[Record set Boundary: Start]
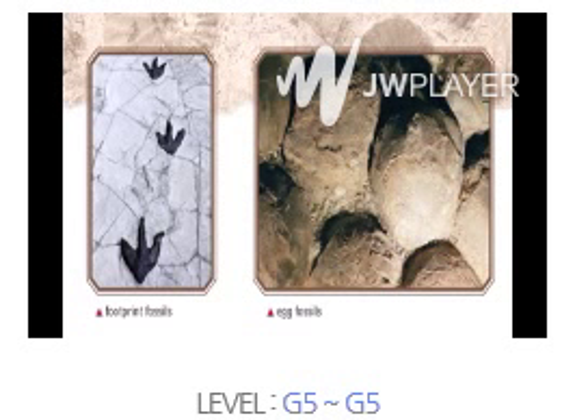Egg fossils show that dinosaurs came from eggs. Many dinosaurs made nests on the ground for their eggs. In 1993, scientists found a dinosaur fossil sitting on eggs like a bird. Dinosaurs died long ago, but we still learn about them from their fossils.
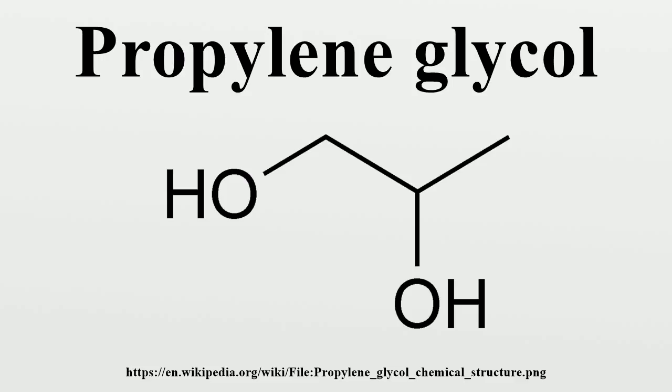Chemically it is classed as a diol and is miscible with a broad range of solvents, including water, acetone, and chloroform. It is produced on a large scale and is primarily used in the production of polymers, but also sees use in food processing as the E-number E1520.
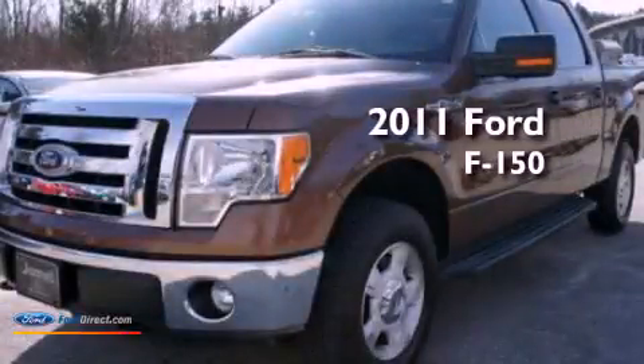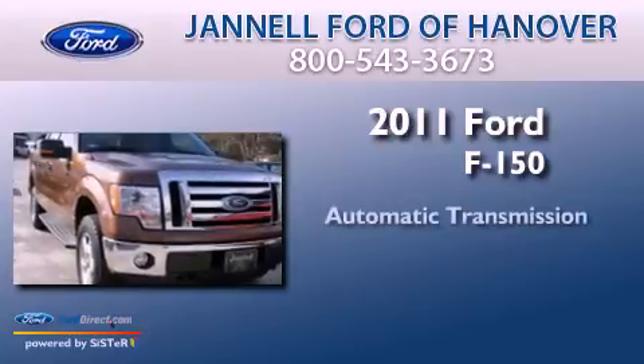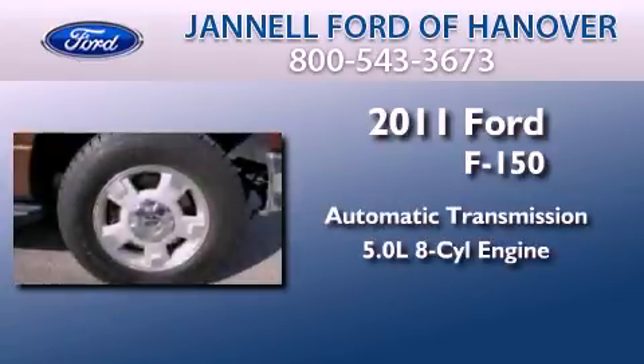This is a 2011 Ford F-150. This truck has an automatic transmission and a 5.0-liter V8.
[Record set Boundary: End]
[Record set Boundary: Start]
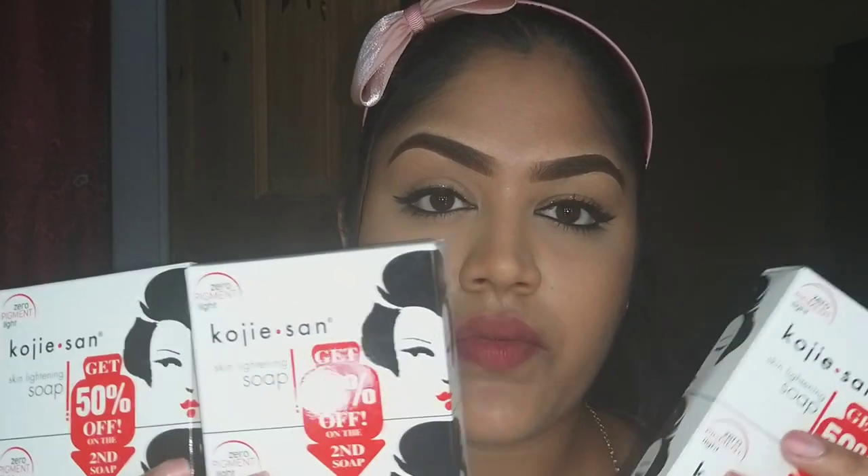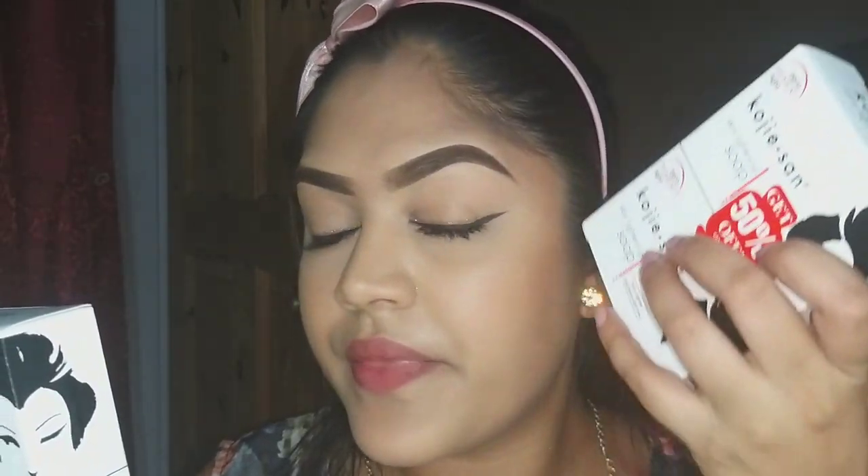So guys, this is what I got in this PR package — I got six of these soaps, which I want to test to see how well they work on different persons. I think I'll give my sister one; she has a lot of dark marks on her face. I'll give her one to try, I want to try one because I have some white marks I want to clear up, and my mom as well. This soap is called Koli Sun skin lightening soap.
[Record set Boundary: End]
• What you should do
Leave out the images and write out the lines above exactly, from the one with "Egg fossils show" up to and including the one with "This is a 2011".

• Solution to this problem
Egg fossils show that dinosaurs came from eggs. Many dinosaurs made nests on the ground for their eggs. In 1993, scientists found a dinosaur fossil sitting on eggs like a bird. Dinosaurs died long ago, but we still learn about them from their fossils.
Chemically it is classed as a diol and is miscible with a broad range of solvents, including water, acetone, and chloroform. It is produced on a large scale and is primarily used in the production of polymers, but also sees use in food processing as the E-number E1520.
This is a 2011 Ford F-150. This truck has an automatic transmission and a 5.0-liter V8.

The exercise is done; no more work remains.